In the 1980s and '90s, Republicans successfully used the term 'tax and spend' against Democrats. The words themselves are silly―anyone joining the government taxes and spends. In fact, if a government does absolutely nothing else, it will do two things―collect revenue via taxes, and spend that money on government functions and services. Whether Republican or Democrat, anyone attempting to join the government is going to tax and spend. Certainly, some parties and candidates can be in favor of taxing more or taxing less, or spending more or spending less. But the buzz-word is an all-or-nothing: the Democrats tax and spend, the Republicans don't. Clearly, that is not, nor will it ever be, the case. Both parties tax and spend. They have to. The real issue is how much, and who, we tax, and on what we spend the money. It is not whether to tax and spend at all. The government does both, and always will. But the buzz word worked to frame the debate in the context of 'these guys will take your money, and these guys won't', and it worked well.

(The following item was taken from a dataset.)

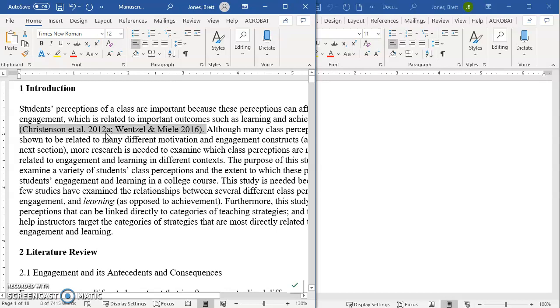Of course, there are programs that will help you with this, like EndNote. I just prefer to do it my way because I found it to work better for me.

When I was in college, the campus was awash with buzz words from political activists who were fond of fighting for 'peace and justice', or 'social justice', or who liked to admonish people for not being more 'socially conscious'. Generally, all of those terms only fit within a narrow set of beliefs - usually having to do opposing the death penalty and the war in Iraq, hating Wal-Mart, or blaming the United States for AIDS. Regardless whether or not you agree with those particular stances, they are neither here nor there on justice. I am sure if you took a survey with the question, "Do you believe there should be justice?" a consensus would emerge rather quickly: almost everyone is in favor of justice. Death penalty advocates and opponents alike are in favor of justice. Wal-Mart protestors and Wal-Mart shoppers both love justice. Saddam Hussein and George W. Bush could have gotten together and agreed―justice is good! But being for or against justice doesn't have much to do with the death penalty, or Wal-Mart, or the war in Iraq. Our individual interpretations of the word 'justice' are certainly relevant. But then, I have never seen someone with a sign demanding "policies that conform to our personal opinions on the definition of social justice." It just doesn't have that ring to it.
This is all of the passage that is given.